> Problem:
From the data below, repeat exactly the lines from the line with "George Baby Organic" to the line with "Carrinhos Coloridos Coleção", both included.

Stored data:
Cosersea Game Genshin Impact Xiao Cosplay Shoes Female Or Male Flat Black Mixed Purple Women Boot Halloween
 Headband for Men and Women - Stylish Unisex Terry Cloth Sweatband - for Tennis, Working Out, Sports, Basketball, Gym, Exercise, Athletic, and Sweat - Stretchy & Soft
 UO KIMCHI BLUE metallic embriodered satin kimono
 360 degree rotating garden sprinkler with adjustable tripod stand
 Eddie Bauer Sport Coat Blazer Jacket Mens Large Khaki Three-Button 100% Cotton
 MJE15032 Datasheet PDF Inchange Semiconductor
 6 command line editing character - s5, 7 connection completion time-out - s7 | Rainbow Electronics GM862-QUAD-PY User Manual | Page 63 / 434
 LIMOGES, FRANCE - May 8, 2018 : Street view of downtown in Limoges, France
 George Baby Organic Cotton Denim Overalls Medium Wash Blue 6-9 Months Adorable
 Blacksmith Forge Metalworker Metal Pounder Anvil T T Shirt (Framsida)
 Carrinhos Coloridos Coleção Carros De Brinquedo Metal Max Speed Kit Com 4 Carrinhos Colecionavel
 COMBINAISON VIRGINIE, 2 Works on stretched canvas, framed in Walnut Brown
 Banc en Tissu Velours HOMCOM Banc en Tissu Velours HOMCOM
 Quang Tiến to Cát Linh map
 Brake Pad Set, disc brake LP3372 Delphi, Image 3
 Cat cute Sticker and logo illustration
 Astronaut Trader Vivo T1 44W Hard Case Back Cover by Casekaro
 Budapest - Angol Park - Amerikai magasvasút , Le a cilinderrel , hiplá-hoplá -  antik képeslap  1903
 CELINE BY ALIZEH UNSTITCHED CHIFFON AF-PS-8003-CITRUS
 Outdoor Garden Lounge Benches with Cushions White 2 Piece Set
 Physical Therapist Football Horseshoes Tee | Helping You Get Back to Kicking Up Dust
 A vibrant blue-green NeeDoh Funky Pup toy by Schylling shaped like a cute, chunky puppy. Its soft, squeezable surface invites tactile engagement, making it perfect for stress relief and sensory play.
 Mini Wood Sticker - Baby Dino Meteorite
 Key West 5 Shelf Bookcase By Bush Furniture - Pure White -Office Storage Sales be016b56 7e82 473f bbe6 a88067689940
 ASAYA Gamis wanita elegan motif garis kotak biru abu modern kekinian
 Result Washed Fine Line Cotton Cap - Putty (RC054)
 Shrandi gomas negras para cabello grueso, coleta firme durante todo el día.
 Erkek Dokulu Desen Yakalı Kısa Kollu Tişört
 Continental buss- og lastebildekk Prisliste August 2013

> Exercise result:
 George Baby Organic Cotton Denim Overalls Medium Wash Blue 6-9 Months Adorable
 Blacksmith Forge Metalworker Metal Pounder Anvil T T Shirt (Framsida)
 Carrinhos Coloridos Coleção Carros De Brinquedo Metal Max Speed Kit Com 4 Carrinhos Colecionavel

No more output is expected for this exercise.